Wodiczko is most famous for his large-scale projections that turn building façades, statues, and memorials into canvases. He animates these surfaces with images of either live or prerecorded video and sound to bring social issues to the forefront of public discourse.

“Buildings are silent faces,” he said. “They see with their blind eyes and they hear with their deaf ears what is happening around them, and they cannot say anything.”

Wodiczko believes buildings are suffering a sort of post-traumatic condition. Those who might suggest the possibility to speak through monuments are monuments to their own trauma themselves, he said. He believes these people are silent monuments to what they live through.

In 2001, he carried out a projection project in the Centro Cultural in Tijuana, Mexico, a border city dominated by factories called “maquiladoras,” in which North American corporations utilize cheap Mexican labor.
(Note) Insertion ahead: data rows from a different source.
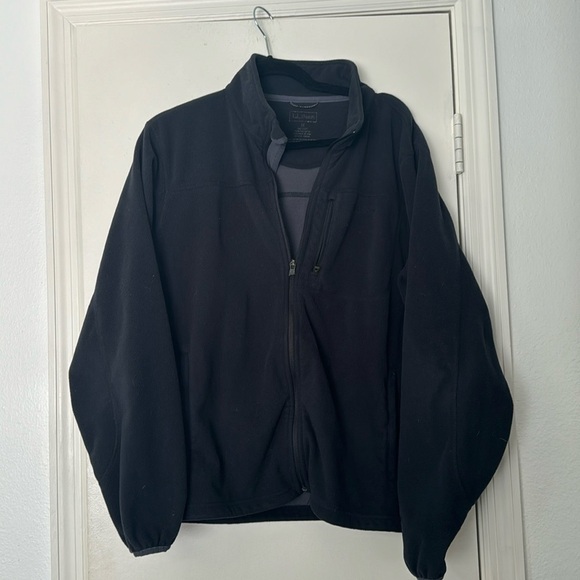 Men's L.L. Bean Full Zip Fleece Lightweight Fall Jacket Size Medium - Picture 1 of 8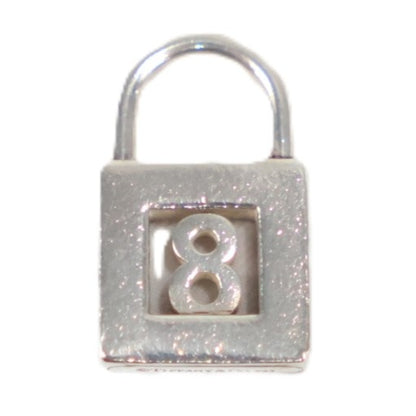 TIFFANY & Co. "8" Lock Pendant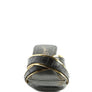 STELLAR GOLD LINE CROC TEXTURED LOW HEEL SANDALS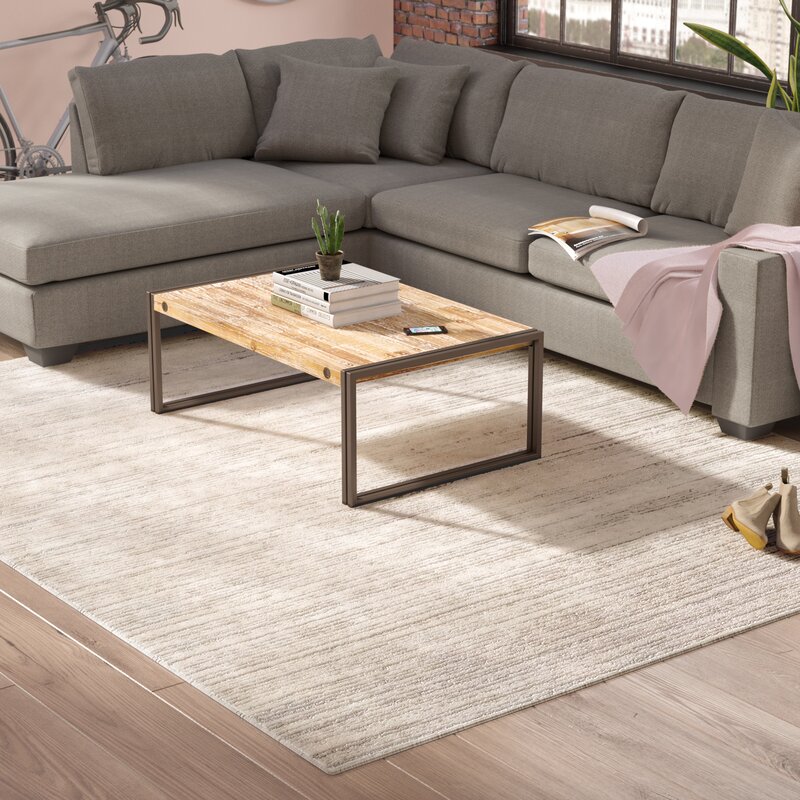 Greyleigh Bridgeton Distressed Modern Grey Cream Sleek Area Rug Reviews Wayfair Ca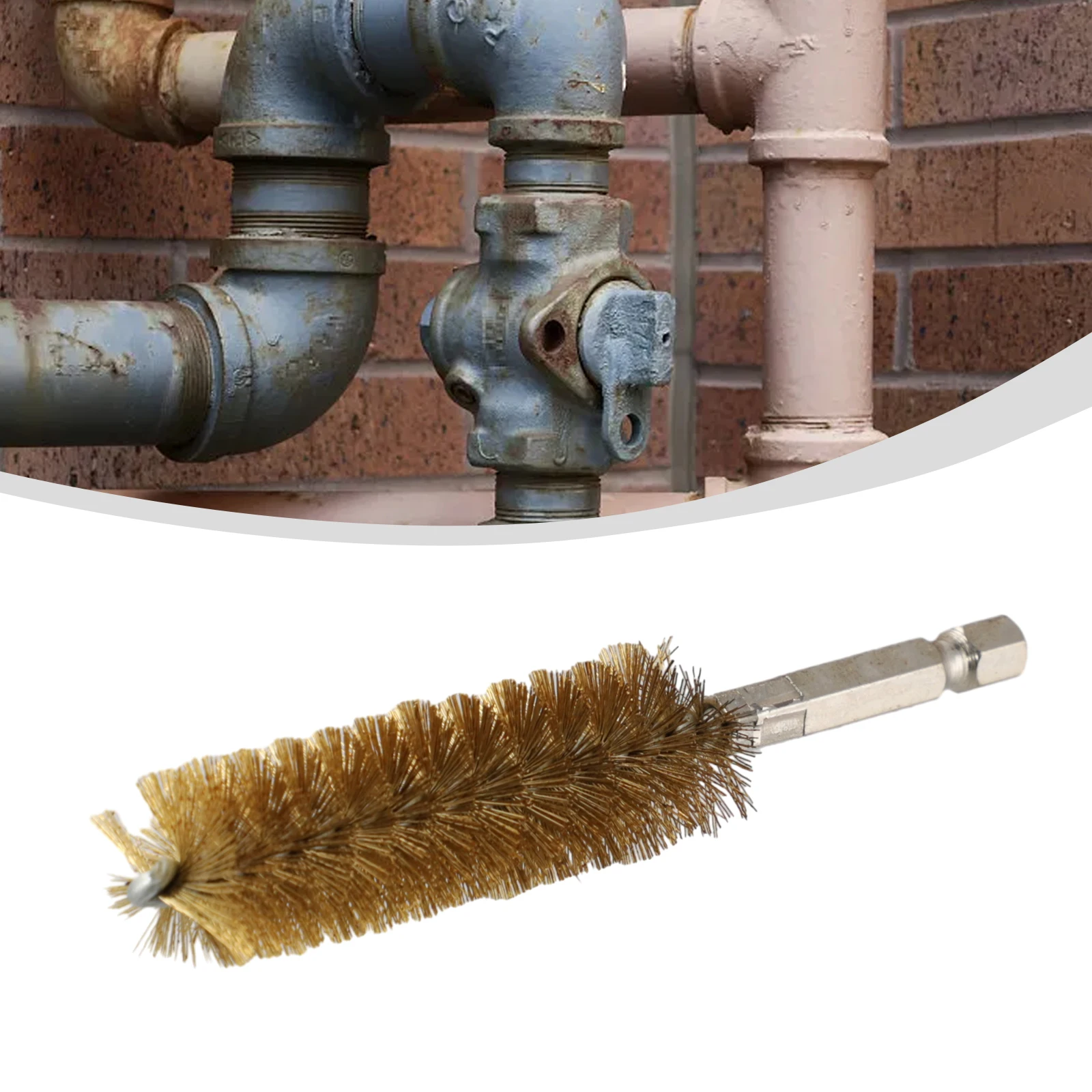 Wire Brush Cleaning Brush Wire Cleaning Brush Wire Brush Set 8-25mm Wire Tube Machinery Cleaning Brush Rust Cleaner Washing Polishing Tools For Automotive Manufacturing Processing Industry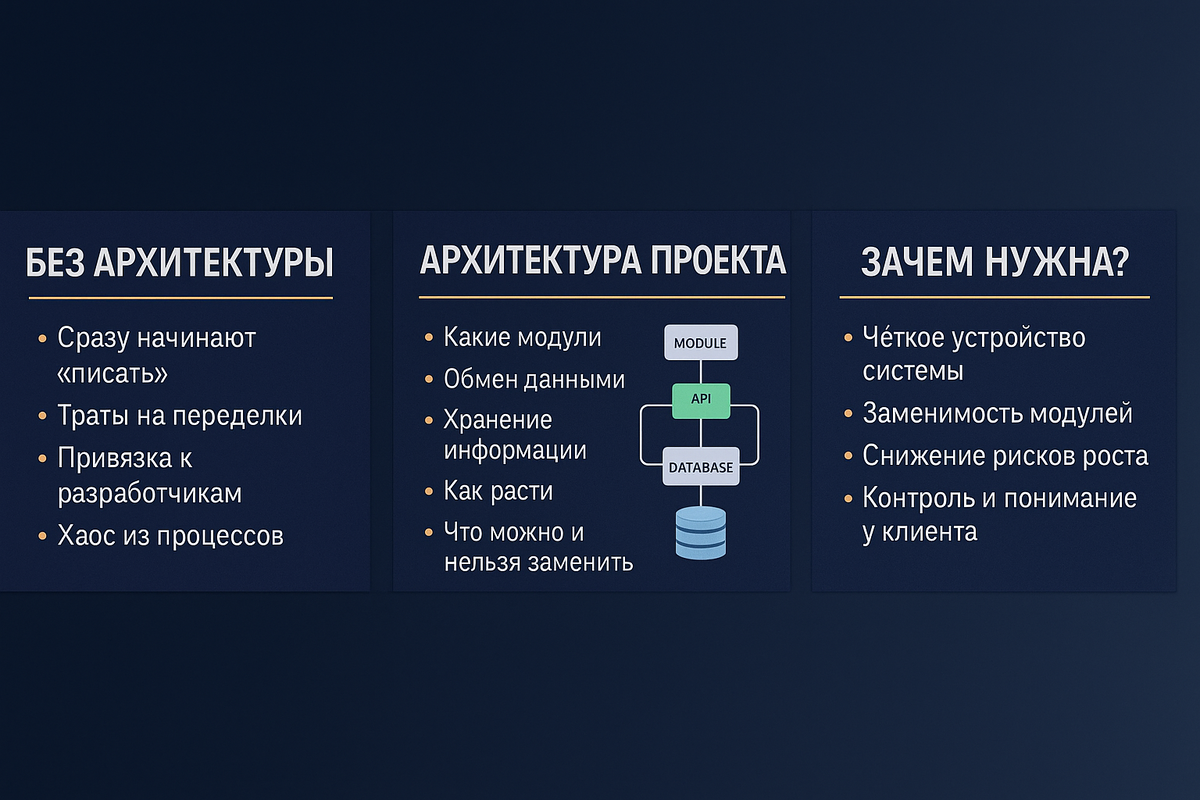 «давайте просто начнём» должна вас насторожить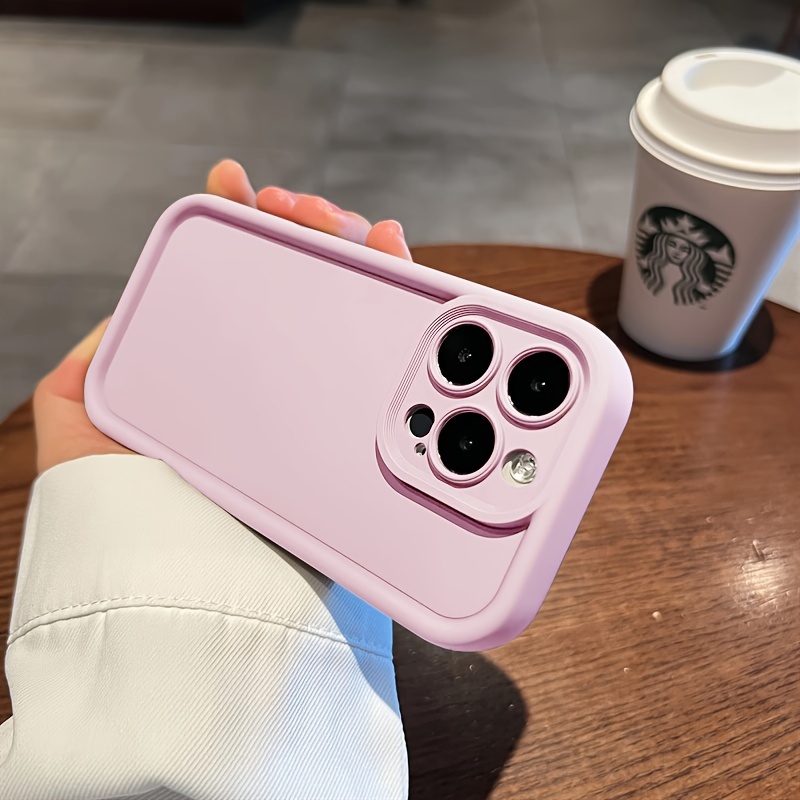 Minimalist Solid Color Full Protection Shockproof Apple Phone Case, Compatible with for iphone 16/15/14/13/12 Pro/Plus/Pro Max/XS Max/X/XS, Stylish Durable with High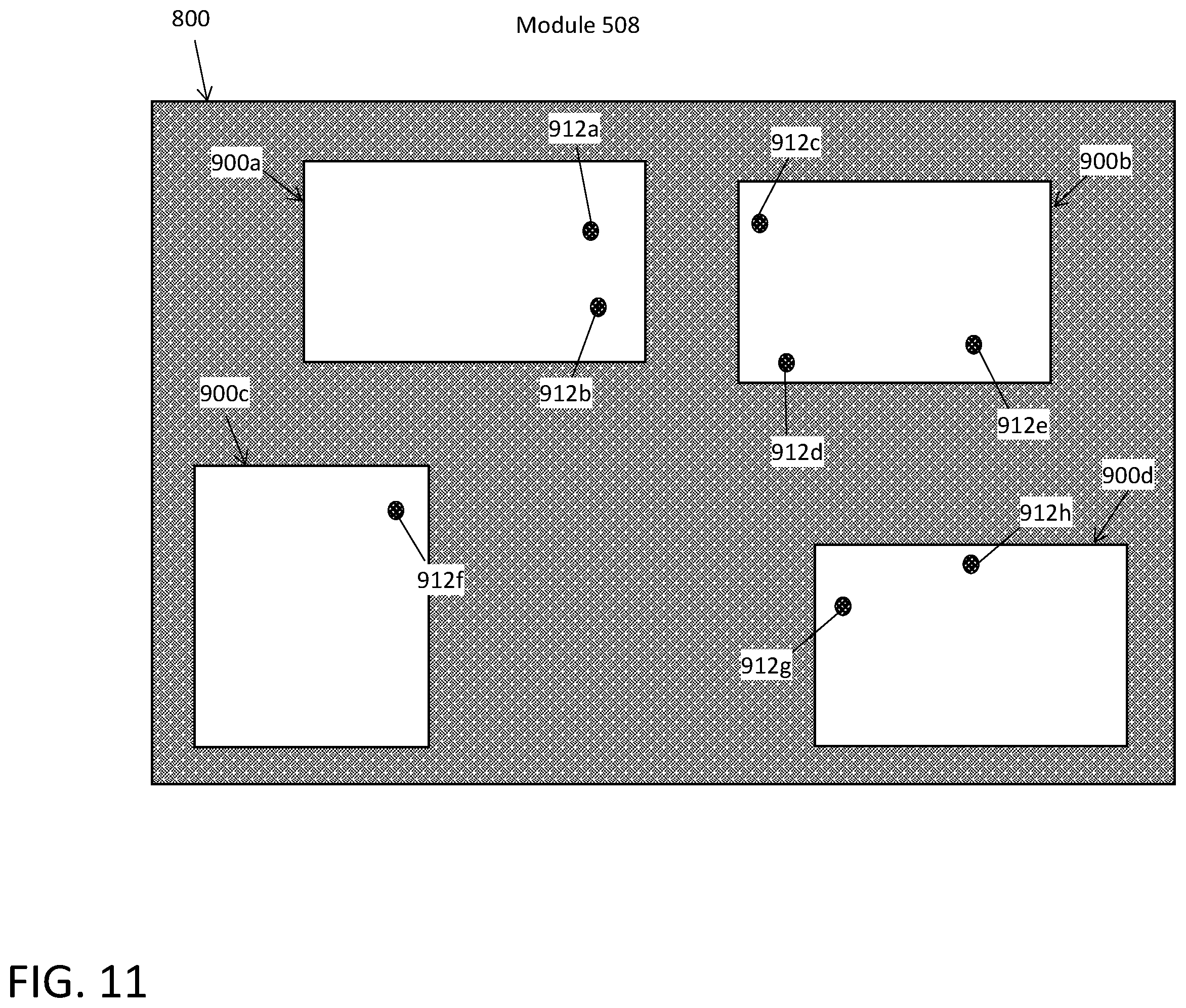 Patent US12367331 Figure 11 – Approach to child block pinning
Women in Tijuana are often discriminated against, mistreated, and abused in the workplace and by police, and Wodiczko sought to create a way for women to speak out against this injustice.

He designed a helmet with a video camera and a microphone that projected the face of the wearer onto a building while he or she spoke. Wodiczko chose the spherical facade of the La Bola IMAX theater in Tijuana as the medium for a symbolic purpose. As women factory workers had their testimonies of struggle projected upon the building, a film glorifying the relationship between the United States and Mexico was being shown in the theater.

“It’s a blast of truth,” Wodiczko said. “There is still public space, at least, on paper. But the fact that there is such a thing called public space doesn’t mean that it is public. It is public in the moment when you actually try to say something that seems to be inappropriate to be saying in public, that belongs to some private world.”

Wodiczko has also done a number of projects with the the war veteran community, people whom he believes are alienated like immigrants within their own countries.

In 2008, he redesigned an army Humvee by replacing the projectile launcher mechanism on its back with a video projector and speaker set. The War Veterans’ Vehicle debuted in Denver just days before the Democratic National Convention was set to take place in the city.

The vehicle broadcasted interviews with veterans about their difficulties in society as their words flashed upon the side of a building. Warfare sounds, such as gunshots, could also be heard, in an attempt to communicate the realities of war to the public. Wodiczko has done similar projections with the War Veterans’ Vehicle in Liverpool and Warsaw.

Wodiczko was awarded the prestigious Hiroshima Art Prize in 1998, an award given every three years that recognizes an artist who promotes global peace through his or her work. He has developed a proposed plan to build the World Institute for the Abolition of War in Paris, which is outlined in his book, The Abolition of War, in order to analyze and discuss the issue of war and hopefully avert war altogether.

“It will work on various levels theologically, culturally, artistically, politically, and technologically to analyze and discuss the issue of war and peace, and also to open up channels of possible engagement that will lead to the averting of wars,” Wodiczko said.